ACTIVITY: Look through the data below. Show each line where the string "Half" occurs.
------------
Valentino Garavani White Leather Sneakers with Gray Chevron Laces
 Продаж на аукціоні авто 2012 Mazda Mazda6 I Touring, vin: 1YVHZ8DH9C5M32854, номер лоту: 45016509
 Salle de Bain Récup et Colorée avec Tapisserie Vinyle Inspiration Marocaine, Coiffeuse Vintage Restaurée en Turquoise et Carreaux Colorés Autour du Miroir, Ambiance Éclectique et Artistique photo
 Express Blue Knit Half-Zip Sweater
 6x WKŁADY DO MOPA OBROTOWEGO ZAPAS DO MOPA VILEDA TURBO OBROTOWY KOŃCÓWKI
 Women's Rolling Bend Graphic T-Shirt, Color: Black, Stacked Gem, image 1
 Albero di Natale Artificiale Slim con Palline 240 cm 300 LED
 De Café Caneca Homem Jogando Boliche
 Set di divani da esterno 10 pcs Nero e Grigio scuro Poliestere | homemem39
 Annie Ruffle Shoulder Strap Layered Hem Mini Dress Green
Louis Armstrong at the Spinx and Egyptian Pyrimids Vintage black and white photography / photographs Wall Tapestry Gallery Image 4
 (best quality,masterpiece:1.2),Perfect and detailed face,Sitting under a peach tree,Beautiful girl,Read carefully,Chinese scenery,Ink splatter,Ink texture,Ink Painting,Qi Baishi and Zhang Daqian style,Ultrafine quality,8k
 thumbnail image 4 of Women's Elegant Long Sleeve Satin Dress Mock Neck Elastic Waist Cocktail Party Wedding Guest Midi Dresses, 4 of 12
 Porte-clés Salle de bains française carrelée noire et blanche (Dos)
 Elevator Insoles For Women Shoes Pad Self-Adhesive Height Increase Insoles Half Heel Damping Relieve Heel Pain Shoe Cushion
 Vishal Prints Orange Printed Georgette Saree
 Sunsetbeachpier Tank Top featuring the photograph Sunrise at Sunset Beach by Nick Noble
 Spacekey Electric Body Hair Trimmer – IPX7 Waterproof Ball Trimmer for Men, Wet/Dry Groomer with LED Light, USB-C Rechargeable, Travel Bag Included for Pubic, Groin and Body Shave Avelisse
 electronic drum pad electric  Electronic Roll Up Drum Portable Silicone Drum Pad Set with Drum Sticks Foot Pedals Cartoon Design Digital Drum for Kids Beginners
------------
ANSWER AREA:
 Express Blue Knit Half-Zip Sweater
 Elevator Insoles For Women Shoes Pad Self-Adhesive Height Increase Insoles Half Heel Damping Relieve Heel Pain Shoe Cushion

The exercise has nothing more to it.